Verslag filosoferen met Amsterdamse Kinderraad en Kinderburgemeester

Op uitnodiging van de Week van de Kinderfilosofie konden de kinderen uit de Amsterdamse Kinderraad en de Kinderburgemeester op woensdagmiddag 14 april filosoferen over het thema: natuur. Ook drie kinderen uit de Kindercommissie Oost filosofeerden mee.

Onder leiding van kinderfilosoof Laura Minderhoud ontspon het gesprek zich heel vlot. Zij maakte het leuk, daagde de kinderen uit en scherpte hun denken. Hieronder worden kort een paar hoogtepunten uit de gesprekken weergegeven. In cursief staat de vraag of inbreng van Laura, tussen aanhalingstekens de antwoorden of gedachten van kinderen. De namen van kinderen zijn weggelaten, maar ze hadden allemaal een verrassende inbreng!

Over filosoferen:

Wat is dat eigenlijk?

“Het gaat over vragen waar geen antwoord op is.”

Zijn er regels voor?

“Nee, er zijn geen regels, anders kom je niet op een nieuw idee.”

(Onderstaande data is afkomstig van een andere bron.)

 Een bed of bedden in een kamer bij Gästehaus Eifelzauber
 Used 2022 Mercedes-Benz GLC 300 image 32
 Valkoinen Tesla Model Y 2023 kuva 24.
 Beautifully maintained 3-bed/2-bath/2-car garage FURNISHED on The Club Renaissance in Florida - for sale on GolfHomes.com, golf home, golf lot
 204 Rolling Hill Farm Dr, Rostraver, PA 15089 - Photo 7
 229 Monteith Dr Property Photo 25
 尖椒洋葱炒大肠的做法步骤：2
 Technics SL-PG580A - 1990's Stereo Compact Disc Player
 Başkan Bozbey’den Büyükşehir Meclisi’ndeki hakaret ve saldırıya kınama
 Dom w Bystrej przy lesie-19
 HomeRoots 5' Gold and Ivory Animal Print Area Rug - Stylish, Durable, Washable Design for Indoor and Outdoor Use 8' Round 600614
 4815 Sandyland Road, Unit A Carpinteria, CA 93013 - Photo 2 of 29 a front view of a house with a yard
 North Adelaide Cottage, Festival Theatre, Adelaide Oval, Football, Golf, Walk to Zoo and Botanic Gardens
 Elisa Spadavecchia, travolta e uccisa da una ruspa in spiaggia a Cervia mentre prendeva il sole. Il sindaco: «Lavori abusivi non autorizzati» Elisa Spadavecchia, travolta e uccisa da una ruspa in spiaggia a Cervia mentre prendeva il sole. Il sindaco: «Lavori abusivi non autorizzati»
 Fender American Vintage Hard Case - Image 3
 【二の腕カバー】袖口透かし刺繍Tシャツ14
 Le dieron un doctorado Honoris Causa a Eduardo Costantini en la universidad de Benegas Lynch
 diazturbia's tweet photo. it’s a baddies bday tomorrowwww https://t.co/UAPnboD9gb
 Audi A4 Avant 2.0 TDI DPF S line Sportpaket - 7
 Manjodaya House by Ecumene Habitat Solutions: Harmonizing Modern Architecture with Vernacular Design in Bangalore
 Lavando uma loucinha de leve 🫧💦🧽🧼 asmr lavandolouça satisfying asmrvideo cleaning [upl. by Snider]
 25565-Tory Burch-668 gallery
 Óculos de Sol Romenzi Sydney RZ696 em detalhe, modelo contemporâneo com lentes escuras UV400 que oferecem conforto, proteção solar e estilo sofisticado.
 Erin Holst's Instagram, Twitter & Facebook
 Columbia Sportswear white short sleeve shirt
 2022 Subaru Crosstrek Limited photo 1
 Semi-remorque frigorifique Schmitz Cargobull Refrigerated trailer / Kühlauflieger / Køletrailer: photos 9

Kan iedereen het of moet je het leren?

“Iedereen kan het maar je kan het ook leren. Mijn vader heeft het gestudeerd.”

Er zijn wel een paar regels. We spreken bijvoorbeeld af: als je ja of nee zegt op een vraag moet je ook een argument of reden geven. Dus je antwoordt met “ja, want” of  “nee, want”.

 

Er is een Maand van de Filosofie en een Week van de Kinderfilosofie, is dat eerlijk?

“Nee, want veel kinderen zouden het leuk vinden en nu is er te weinig tijd.”

” Het zou andersom moeten zijn, want kinderen hebben veel vrijere idee dan volwassenen.”

Waarom wordt het überhaupt gescheiden denken jullie?

“Kinderen denken minder in waarheid, daarom vinden volwassenen het misschien minder belangrijk. Maar eigenlijk zouden kinderen en volwassenen juist samen moeten filosoferen.”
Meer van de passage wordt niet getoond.